STEP THREE: Add the peas, reserved pasta cooking water, and salt. Bring to a simmer, then cover and cook for 5 minutes.
STEP FOUR: Using a slotted spoon, remove half the peas and set aside.
STEP FIVE: Using an immersion blender, or transferring to a stand blender, puree the mixture until the consistency is smooth.
STEP SIX: Add the cooked ditalini to the saucepan, then stir to coat.
STEP SEVEN: Add the reserved peas then use salt to adjust the seasoning to taste.
STEP EIGHT: Top with chopped basil and remaining 2 tablespoons Parmesan cheese, then serve warm.
More Easy Pasta Recipes You’ll Love!
- Vegan Chili Mac Casserole
- Spaghetti with Brussels Sprouts & Bread Crumbs
- Spaghetti Aglio e Olio with Asparagus and Homemade Pecan Parmesan
- Pesto Rigatoni
- Classic Lasagna
Pasta with Peas (Pasta e Piselli)
Ingredients
- 1 1/2 cups ditalini pasta
- 3 tablespoons vegan butter
- 1 teaspoon garlic minced
- 1 cup frozen peas thawed
- 1/2 teaspoon salt
- 4 tablespoons vegan Parmesan cheese shredded and divided
- 2 tablespoons fresh basil chopped
Instructions
- In a large saucepan, cook the ditalini pasta according to package directions, reserving 1/3 cup cooking water. Drain and set aside.

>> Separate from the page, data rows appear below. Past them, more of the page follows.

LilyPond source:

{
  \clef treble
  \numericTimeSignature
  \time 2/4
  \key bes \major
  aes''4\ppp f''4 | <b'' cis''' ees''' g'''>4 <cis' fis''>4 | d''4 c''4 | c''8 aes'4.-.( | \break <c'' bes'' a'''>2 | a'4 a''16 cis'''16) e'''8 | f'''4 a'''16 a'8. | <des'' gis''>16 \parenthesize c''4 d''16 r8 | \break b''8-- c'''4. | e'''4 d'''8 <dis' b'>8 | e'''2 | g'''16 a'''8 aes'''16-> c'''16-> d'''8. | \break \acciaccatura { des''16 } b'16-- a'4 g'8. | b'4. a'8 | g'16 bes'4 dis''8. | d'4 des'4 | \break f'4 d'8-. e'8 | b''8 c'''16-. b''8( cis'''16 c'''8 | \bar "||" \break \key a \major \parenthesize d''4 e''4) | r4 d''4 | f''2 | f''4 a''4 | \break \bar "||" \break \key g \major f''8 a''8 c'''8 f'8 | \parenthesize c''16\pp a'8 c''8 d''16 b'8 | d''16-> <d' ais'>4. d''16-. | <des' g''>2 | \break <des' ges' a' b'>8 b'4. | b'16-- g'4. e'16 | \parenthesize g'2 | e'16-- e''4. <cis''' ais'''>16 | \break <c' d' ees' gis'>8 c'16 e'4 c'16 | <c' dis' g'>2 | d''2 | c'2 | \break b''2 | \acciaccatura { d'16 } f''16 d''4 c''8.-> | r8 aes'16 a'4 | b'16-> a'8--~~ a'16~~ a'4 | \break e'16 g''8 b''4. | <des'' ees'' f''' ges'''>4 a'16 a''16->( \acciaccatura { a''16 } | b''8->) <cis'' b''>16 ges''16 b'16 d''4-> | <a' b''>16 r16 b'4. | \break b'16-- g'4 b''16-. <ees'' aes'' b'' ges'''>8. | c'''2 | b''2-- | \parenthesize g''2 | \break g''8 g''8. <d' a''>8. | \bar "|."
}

- Into the saucepan used for the pasta, over medium-low heat, add the butter. When the butter is melted, add the garlic and cook for 1 minute, until very lightly golden in color.
- Add the peas, reserved pasta cooking water, and salt. Bring to a simmer, then cover and cook for 5 minutes.
- Using a slotted spoon, remove half the peas and set aside.
- Using an immersion blender, or transferring to a stand blender, puree the mixture until the consistency is smooth.
- Add the cooked ditalini to the saucepan, then stir to coat.
- Add the reserved peas then use salt to adjust the seasoning to taste.
- Top with chopped basil and remaining 2 tablespoons Parmesan cheese, then serve warm.